A poll conducted by the Venezuelan polling agency Consultores 21 in between February and March showed that Henrique Capriles Radonski — who lost against Hugo Chávez in 2012 and Nicolás Maduro in 2013 — leads likely voters with 24.8 percent against María Corina Machado’s 19.2 percent and Benjamín Rausseo’s 14.8 percent. Juan Guaidó, who was the country’s legitimate interim president between 2019 and 2022, only has a 7.1 percent approval according to the poll.

Another poll run by Consultores 21 in March showed that only 15 percent of the electorate — which would translate to roughly 2 million Venezuelan citizens — expressed their willingness to participate in the “opposition” primary elections. The polling agency noted that the poll was run at the request of the Justice First party, whose candidate has openly called for an end of the sanctions imposed on the Maduro regime by the United States and other countries.

Another poll conducted by Venezuelan polling agency Hinterlaces in March showed that 12 percent of respondents chose Machado as the best candidate to go against Maduro, with Rausseo in second place with eight percent.

 

Nicolás Maduro, whose last legitimate six-year presidential term ended in January 2019, clung to power by organizing a sham presidential election in May 2018 where only candidates he personally approved were allowed to run, granting him a new six-year term until 2024. Under normal circumstances, Venezuela would have held presidential elections in late 2018 instead.

The sham election was not recognized by much of the free world, and prompted the then-opposition-led National Assembly to act according to what the Venezuelan constitution determines was a “rupture in the democratic order,” which allows the legislative branch to appoint its head as interim president. Thus, the Assembly designated Juan Guaidó as the country’s legitimate yet powerless president.

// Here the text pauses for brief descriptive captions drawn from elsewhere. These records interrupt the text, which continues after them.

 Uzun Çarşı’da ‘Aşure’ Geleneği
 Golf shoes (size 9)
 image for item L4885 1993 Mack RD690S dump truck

Despite receiving the international recognition of 50 some countries – including the United States, Canada, the United Kingdom, and the European Union – Guaidó and the Venezuelan “opposition” failed to stop Maduro’s usurpation of power, establish a transitory government, and hold free and fair elections as he initially promised. The opposition-led legislative body, which Adrián was part of, was ousted by the Maduro regime through a sham election held in 2020 a group of “opposition” parties and politicians legitimized by their participation.

Although ousted and replaced by a new, overwhelmingly pro-Maduro legislative body, the opposition-led National Assembly is still recognized by the United States as “the only democratically elected institution left in Venezuela today” and continues to operate as a parallel legislative body with no real power in the country, as many of its members now living in exile abroad. The opposition-led National Assembly voted to dissolve Juan Guaidó’s interim government in December, leaving Maduro’s rule over the country uncontested since.

The socialist dictator was originally elected ten years ago on April 14, 2013, defeating Capriles by roughly 223,000 votes in emergency presidential elections that took place after the death of Hugo Chávez in March 2013. Capriles did not initially recognize the results and accused Maduro of stealing the election, leading to a brief period of political unrest and protests in the country. He later quietly stopped challenging the results. 

Although Maduro announced in March that his regime will hold “free and fair” presidential elections in 2024, the socialist regime has entertained the idea of holding them in 2023 instead. Maduro expressed on Thursday, “We don’t know if the presidential elections will be this year or next year — hold that secret for me.” 

The prospect of holding “free and fair” elections against Maduro was promoted by U.S. Secretary of State Antony Blinken during his Latin American tour in October. The socialist regime has insisted that it will not sign any agreement with the Venezuelan “opposition” to hold “free and fair” elections until the United States, the European Union, and other countries first rescind all sanctions imposed on the socialist regime and its officials, which they have dubbed as “sanctions-free fair elections.”